Total RNA extraction was performed immediately, using RNAqueous®-Micro Total RNA Isolation kit (Thermo Fisher Scientific, USA) according to manufacturer’s instructions. Samples were treated with recombinant DNase I RNase-free (Thermo Fisher Scientific, USA) to remove any potential genomic DNA contamination. RNA was assessed for quantity and purity by spectrophotometry (NanoDrop 2000) and stored at − 80 °C until RT. RT and qPCR were conducted on CC samples with an mRNA concentration > 5 ng/μl. Reverse transcripts of total RNA were prepared using a High Capacity cDNA Reverse Transcription Kit (Thermo Fisher Scientific, USA) with a final reaction volume of 20 μl. Negative controls were performed by replacing the enzyme with water. cDNA samples were stored at − 20 °C until qRT-PCR. HAS2, PTGS2, and GREM1 were selected as target genes. Ribosomal protein L19 (RPL19) and Hypoxanthine phosphoribosyltransferase-1 (HPRT1) were selected as housekeeping genes (validated by Genorm software). Primers were designed using the free Primer3Plus software except for GREM1 (commercial assay, SigmaAldrich, Austria) (Additional file 1: Table S1). Amplification efficiency ranged between 90 and 110% for each primer pair. Specificity of single PCR products was confirmed by gel electrophoresis for all genes. qPCR experiments were performed on a 7500 Cycler (Applied Biosystems). The reaction mixture contained 5 μl cDNA (1 ng), 200 nM of each primer and 10 μl PowerSYBR® Green PCR Master Mix (Thermo Fisher Scientific, USA) in a final reaction volume of 20 μl. After activation and denaturation (20 s at 50 °C and 10 min at 95 °C), the cDNA was subjected to 40 amplification cycles (15 s at 95 °C and 1 min at 60 °C). All samples were run in triplicate and a No Template Control (NTC) was included for each gene. Gene expression levels were normalized to the geometric mean of the housekeeping genes and fold increases were calculated using the 2∆∆CT method.

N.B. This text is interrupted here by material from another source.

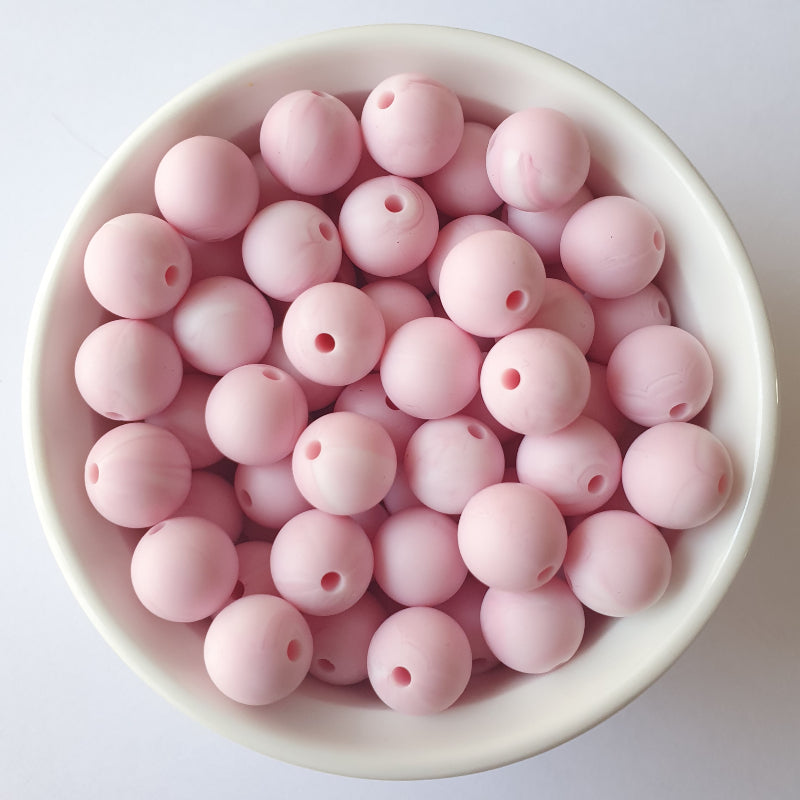 marble pink round silicone beads - hey beadly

Statistical analyses were performed using SPSS 23 (IBM, Brussels, Belgium) on Mac OS X. Mann-Whitney or Student’s t-tests were performed where appropriate. Considering some patients in the study group underwent 2 cycles of Let-COH, and the number of samples per patient was variable in both groups, we performed a Two-way ANOVA with group as a fixed factor and patients as a nested within group random factor to test statistical dependencies of samples using the NCSS 10 Statistical Software 2015 LLC. Kaysville, Utah, USA, All tests were two-tailed and a P-value of less than 0.05 was considered statistically significant.


Biomarkers data were analyzed separately for hCG and GnRHa triggers, as follicular microenvironment differs according to ovulation trigger method [28,29,30]. Patient and cycle characteristics are shown in Table 1.

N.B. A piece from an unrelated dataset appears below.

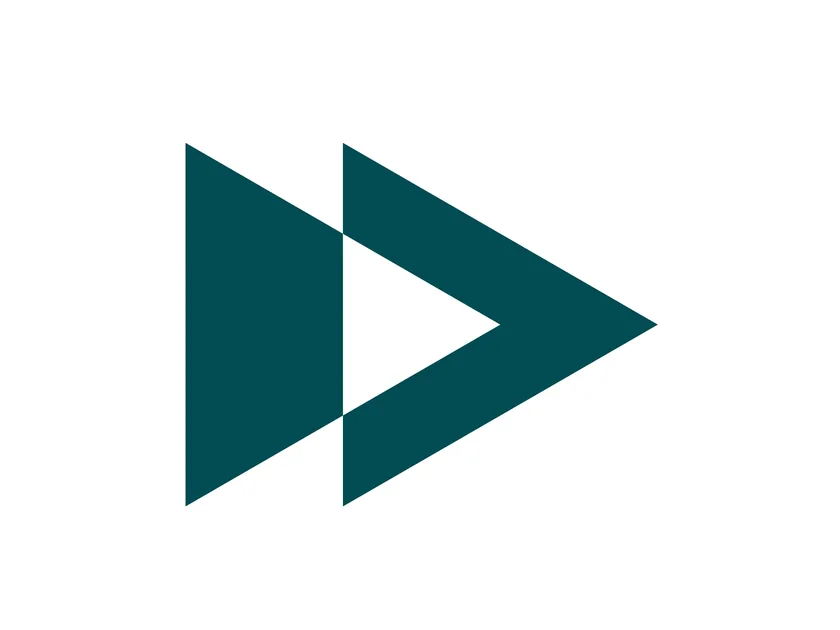 The TRES double-triangle mark stands on its own in Midnight Green on white.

Table 1 Patients and cycle characteristics

FF endocrine profile assessment

We assessed the effect of letrozole on steroid levels in the FF to indirectly evaluate its impact on oocyte competence. To avoid potential bias related to differences in follicular size, only FFs of similar volumes were analyzed in both groups (3.4 ± 1.4 vs 3.2 ± 1 ml per follicle, p = 0.533). Additionally, after exclusion of contaminated samples, a total of 73 FF samples from 18 control patients, and 66 FF samples from 16 BC patients performing 18 and 20 cycles respectively, were eligible for the FF analysis. First, we confirmed that no difference was observed in FF steroid levels between “standard” and “random start” protocols in the study group, in both ovulation trigger methods (unpublished data). Steroid levels were then compared between study and control groups.

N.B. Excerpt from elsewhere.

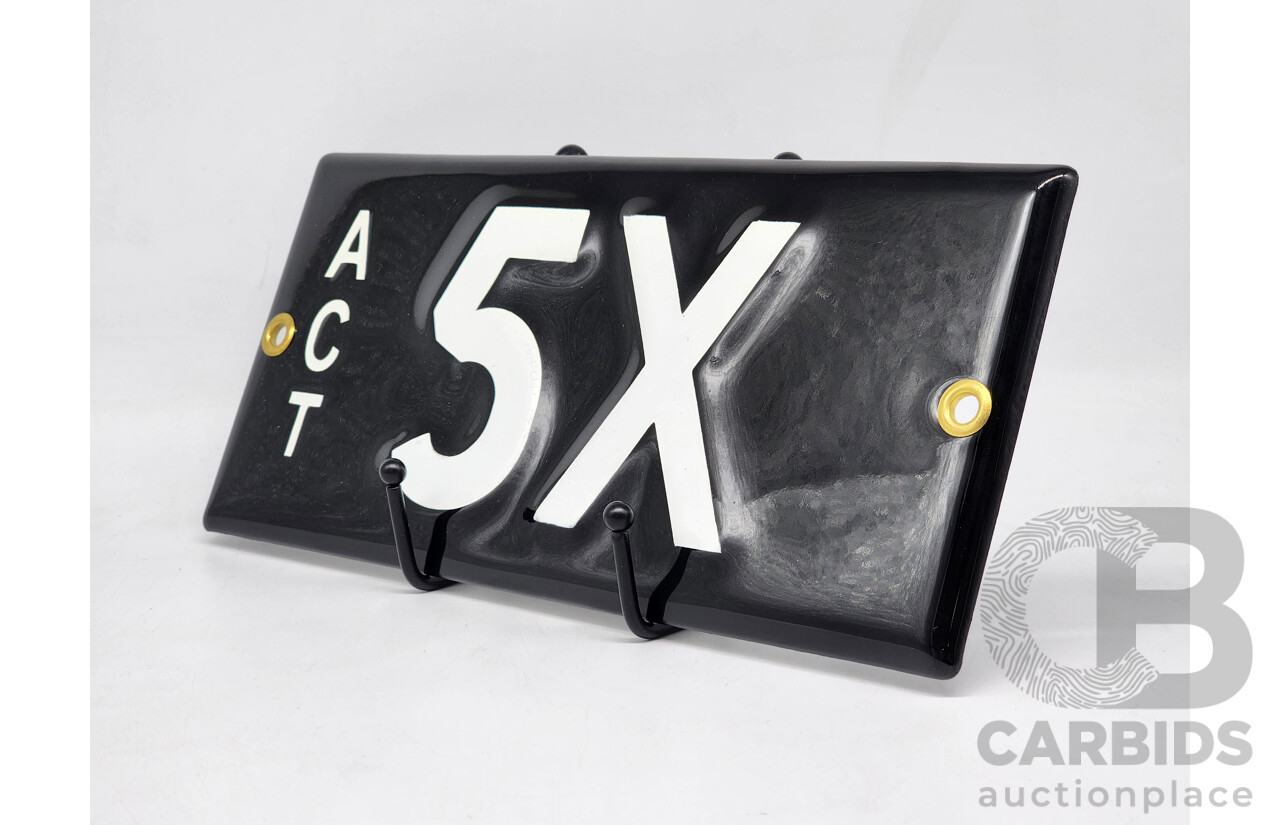 ACT Two Character Alpha Numeric Number Plate - 5X (Number 5, Letter X)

Estradiol levels were significantly lower in the study compared to the control group, while testosterone levels were significantly higher (Fig. 1a, b). Progesterone levels were comparable between groups (Fig. 1c). Using a nested two-way ANOVA analysis, we confirmed there was no group effect regarding FF volume. However, we observed a significant effect of both patient and group factors for hormonal levels (p < 0.001). Interestingly, estradiol levels increased significantly after GnRHa trigger compared to hCG trigger in the study group (median = 194.5 (95.4–438) vs 64.4 (43.8–152.4) ng/ml, respectively, p < 0.001) but not in the control group (median = 335.5 (177.5–466.7) vs 354 (179–511) ng/ml, respectively) (Fig. 1a).

Fig. 1
figure 1

Steroid levels in follicular fluid: estradiol (a), testosterone (b) and progesterone (c) concentrations in study and control groups. Boxplots represent the median, 25th, and 75th percentiles. The whiskers represent 1.5 times the interquartile range, and outliers are identified by circles (out-values) and stars (extreme values). *: p < 0.001; **: p = 0.011

CC gene expression related to oocyte competence

A total of 19 controls (82 CC samples) and 22 BC patients (89 CC samples) performing 19 and 24 cycles respectively, were eligible for the CC analysis. To validate the analysis, we first confirmed that the expression of genes was lower in CC from unfertilized oocytes or low quality embryos compared to CC from mature oocytes resulting in top quality embryos in our control group. However, the difference reached significance only for HAS2 and PTGS2 after GnRHa trigger (Additional file 2: Figure S1).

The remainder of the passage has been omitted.